What is the word that describes all the devices that express time?
noun: chronometer; plural noun: chronometers
an instrument for measuring time, especially one designed to keep accurate time in spite of motion or variations in temperature, humidity, and air pressure
I believe this is the largest category that encompasses every possible device whose function is to measure the passing of time.
"Timepiece" is the one that probably best describes the familiar kinds of time-keeping devices that a layperson is likely to encounter. And, to JamesK's point, there really is a staggering diversity of sub-species; in very many contexts, a more-precise term is better.
"Chronometer" is also what people call expensive watches. But, the expensive watch market is driven by a relatively small group of fabulously rich people who have more money than anyone could possibly spend in a lifetime, and we should not let their peacocking co-opt this term.
More usefully, anybody whose life literally depends on accurate timekeeping (e.g. divers and astronauts, who have to ration breathable atmosphere), will insist on a "chronometer," but those don't need to cost $100,000 (yes, really).
There are words (gotube gives "timepiece") but these are relatively rare and technical. I suspect that in your language the distinction isn't usually made, and you are want to translate a sentence that uses this ambiguity from your language to English.
But if you write "I'm going to get my daughter a timepiece for her birthday." It will be very odd, even if it is the literal translation. "Timepiece" is technical and rather dated. It is used by people who insist that a "clock" must have a "bell" (see the etymology for why). If you want to write in natural sounding English, either choose "watch" or choose "clock", or write "watch or clock" (and perhaps rephrase).
I'm going to get my daughter a clock for her birthday, or perhaps a watch.

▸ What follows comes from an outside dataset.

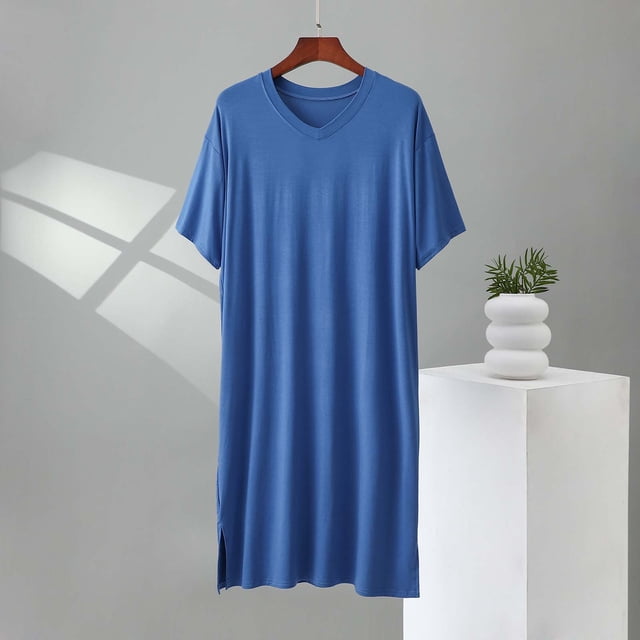 Men's Solid Color V-Neck Short Sleeve Nightgown Robe with Lace Trim and Belt for Home Wear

So this is my point. In English, watches, clocks, sundials and hourglasses are all "different", but "wallclocks" and "mantelpiece clocks" are types of clock. Wristwatch and pocket watch are types of watch. In other languages perhaps "watches" and "mantlepiece clocks" are the same, but wall clocks and sundials are different. Or "hourglasses" and "sundials" are the same, but watches are different... etc.
A "timepiece" is relatively technical term for sundials, clocks, watches: any device that lets you know the time. A clock is a large timepiece that may be hung on the wall, or stand on the floor or on a shelf. A watch is small timepiece that fits in a pocket or on a wrist. Clocks don't need to have chimes (even though their name comes from the Latin for "bell") and watches don't need to have alarms (despite the etymology). Timepieces can have bells or alarms, although the word is sometimes used by people who limit the word "clock" to "timepiece with a bell".
So, my advice: Use either "watch" or "clock" as appropriate.
And note that most young people actually don't use watches, they use their phone to tell the time.